On the runway the finale tradition of Best Drag returned to strong results, minus Bebe’s solid but Clearly Not Best animal look (though we love the RuAnimale by Coco cosplay). Shangie brought streamlined glamour that was a nice alternative to her cheekier looks from the season. Trixie Mattel served Limited Edition Christmas Barbie poodle and made us desperate for her to return to more doll-inspired aesthetics.
But it was Kennedy Davenport that continued to pull the heartstrings. Her rainbow acid queen look was a riff on her previous season seven Best Drag look but dialed up to eleven, a nod to her emotional journey all season long: she’s still the same old loveable-grouch-sweetheart she has always been, but packing more punch to steal our hearts. She had already slayed the music video and was quickly running away with the episode, not to mention sprinting ahead to the finish line.
And that love was felt deeply by the eliminated queens waiting to decide her fate. A lot of credit was given to Kennedy’s pageant experience with this kind of situation, but her appeal to win was far more personal than that. It helps when you’re coming off your biggest success in the competition, but what set Kennedy aside was her clear communication of her past, present, and future journey and what it all meant to her. Something for everyone to connect with somewhere, and a warm honesty missing elsewhere in the season.
Shangela was equally emotional, but the immediate impression was that the queens weren’t as convinced despite being the strongest overall competitor of the final four. What registered most from Trixie’s presentation was the evident impression left by her success off the show and her ability to learn from her mistakes and quickly. Meanwhile Bebe frankly never stood a chance in this format, with the queens unwilling to afford her another crown and her reserved nature not helping her to make her case. The episode also knew as much by barely featuring her. What was about to come was pretty evident in the water in hindsight...
A jury sounds like a logical next step when the show has repeatedly been so eager to brew drama and anticipation by bringing queens back, but maybe one return was enough this season. The queens ultimately chose Kennedy and Trixie, decisions led by heart and admiration rather than statistics. And sadly, it wasn’t even close:
The episode failed to show the voting breakdown, but it quickly became available online. And just like an Oscar preferential ballot this voting structure favored passion and goodwill, sending home the queen that received milder responses to rallying queens around her journey. I don’t think anyone expected the voting to be quite so shockingly decisive, and the jawdroppingly low turnout for Shangela reinforces the notion of unfairness in the show’s ever-changing criteria. In fairness, I suspect more queens would have pulled for her had they decided as a group rather than voting through their individual emotion-led tallies.

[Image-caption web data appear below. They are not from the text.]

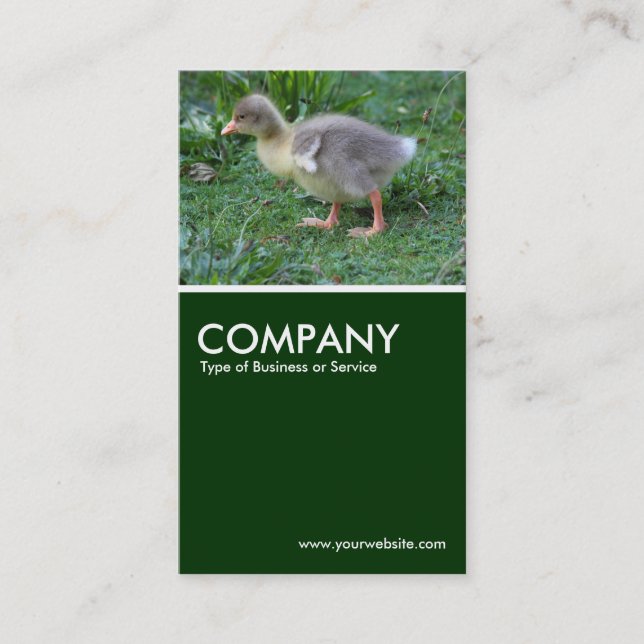 Gosling - Dark Green Business Card (Front)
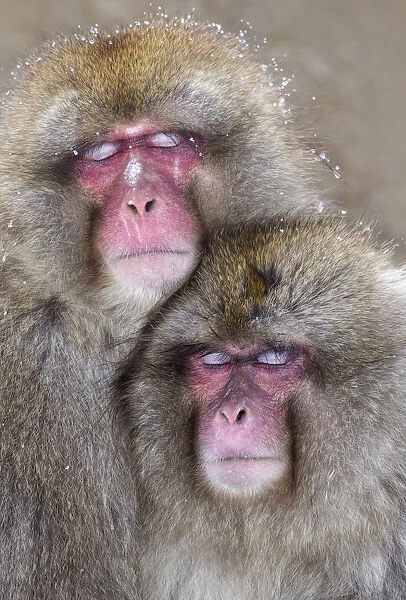 Japanese Macaque (Macaca fuscata) pair falling asleep together, Jigokudani, Japan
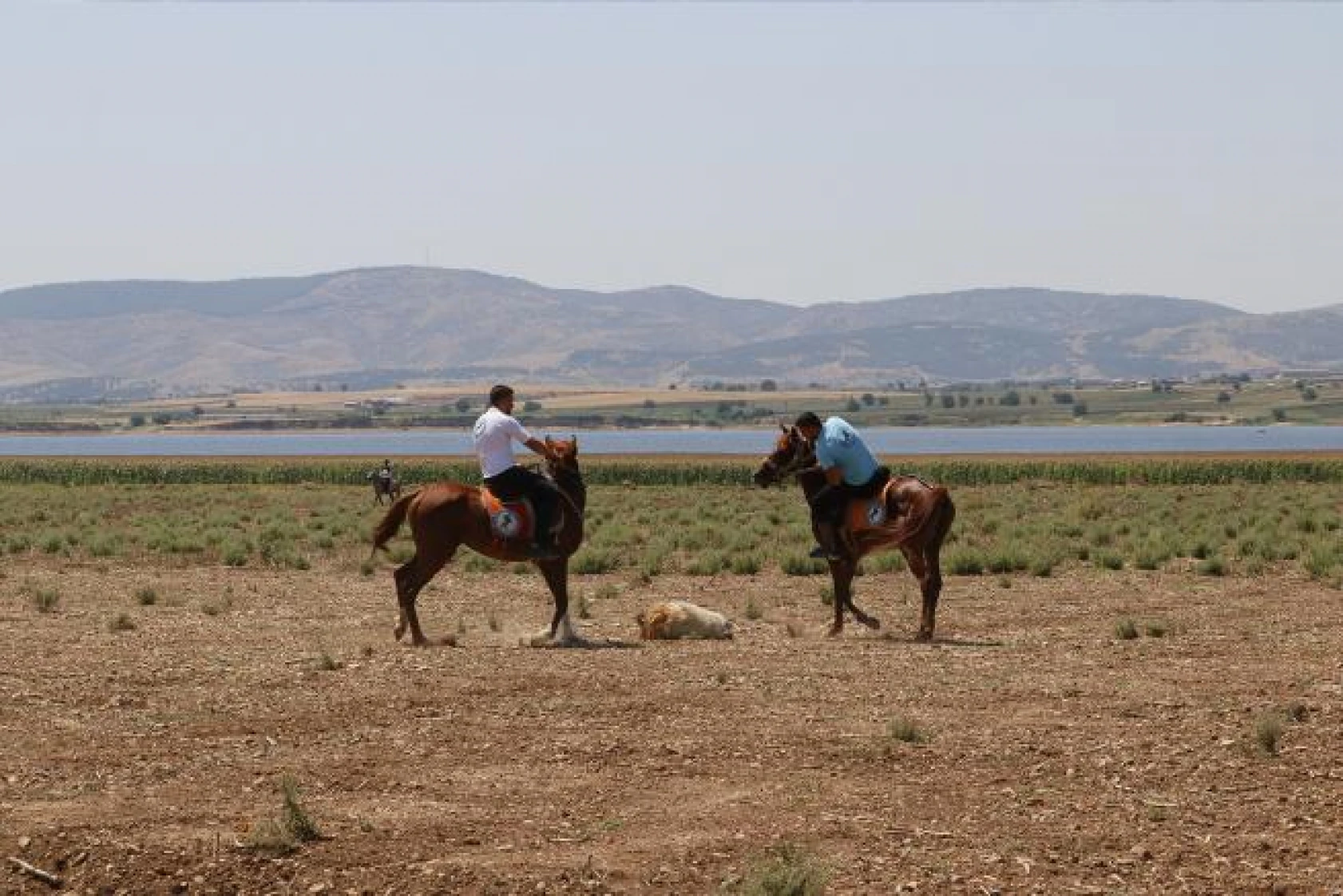 Kahramanmaraş 1. Rahvan At Yarışları
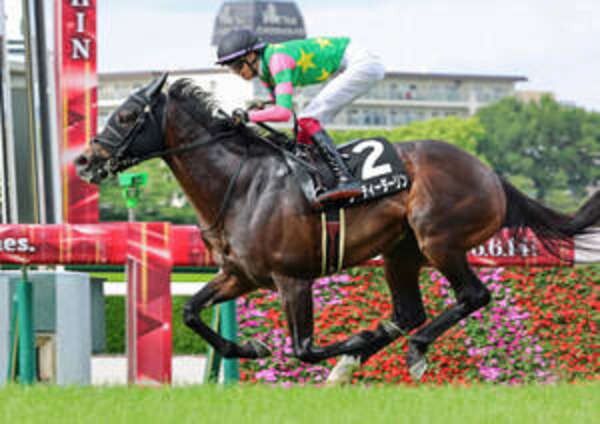 阪神11R・垂水S】7番人気ジーティーダーリンが逃げ切りオープン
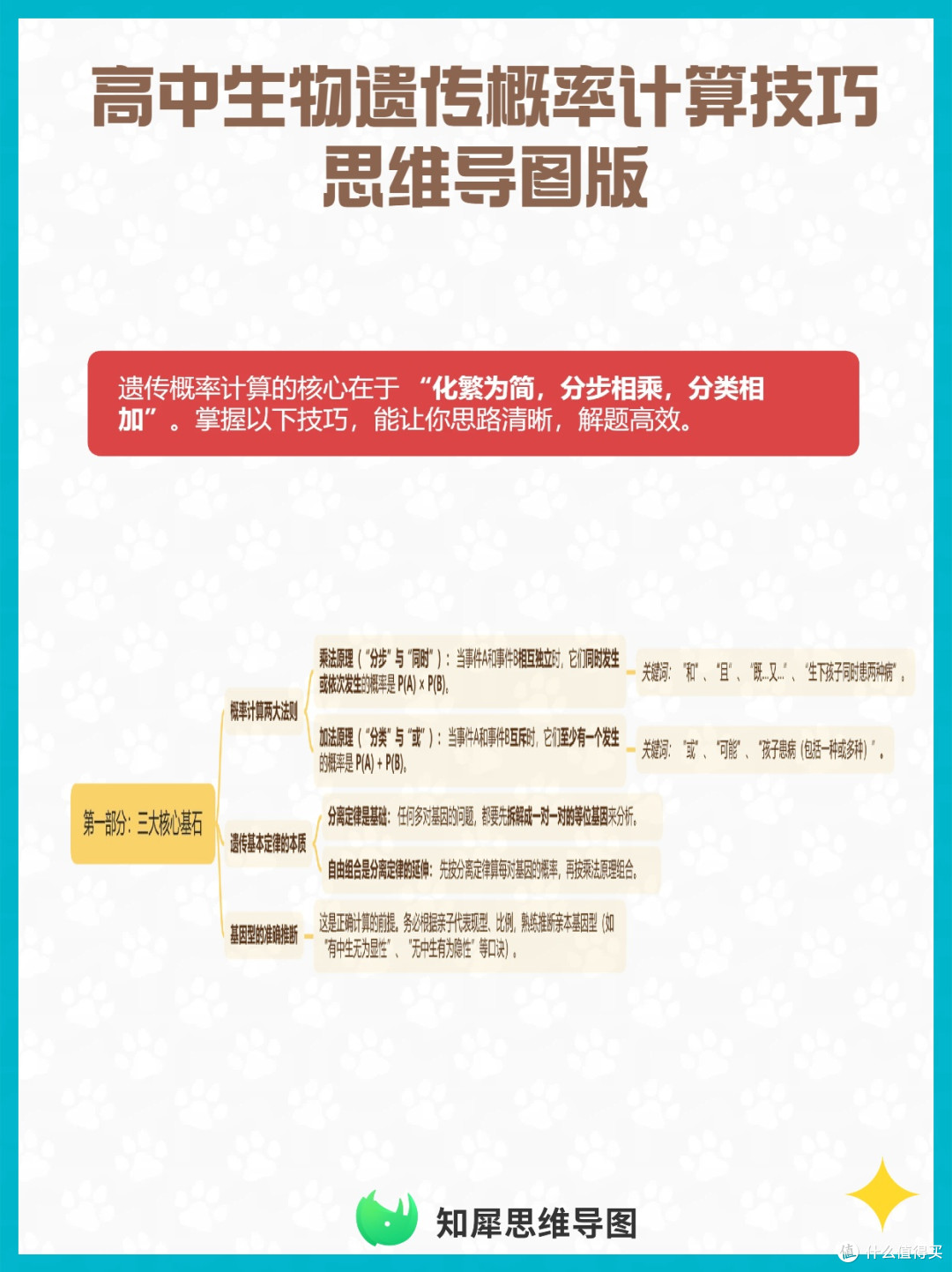 高中生物遗传概率计算技巧 思维导图版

The show is no longer solely subjective based on viewer taste for differing drag styles but also what qualifies as a worthy winner or a satisfying season. I’d argue it’s not just Shangela’s track record that made her the worthy winner of many, but also what she represents: an indefatiguable drive to get back up time and time again, to be able to laugh at and even brand yourself through your mistakes, to be a true fighter. Sure, even her manipulative game-playing tactics have their admirers. This was another crushing blow to a queen forever underestimated - but the outpouring of love for her in recent days is her biggest win yet.
Kennedy, like Peppermint last season, was able to pull through poor stats partly by a change in format, but mostly by performing well when it mattered most. I’m starting to embrace the mindset that Kennedy put forth a few weeks ago: Drag Race isn’t a math problem, it’s a marathon. Sometimes that means a steady performance takes you to the crown, but a strong finish after some stumbles can get you there as well. It can be about how and when you cross the finish line, not just how you leave the starting gate. There’s something satisfyingly representative of queer folks in this idea, how no matter the setbacks we face we will end victorious.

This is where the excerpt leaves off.